=== Begin Enclosure ===
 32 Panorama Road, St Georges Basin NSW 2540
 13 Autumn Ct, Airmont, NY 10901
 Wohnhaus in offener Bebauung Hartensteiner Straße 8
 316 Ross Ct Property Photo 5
=== End Enclosure ===
__Exercise__. Your reply should be the material above, repeated word for word.

__Expected answer__.
 32 Panorama Road, St Georges Basin NSW 2540
 13 Autumn Ct, Airmont, NY 10901
 Wohnhaus in offener Bebauung Hartensteiner Straße 8
 316 Ross Ct Property Photo 5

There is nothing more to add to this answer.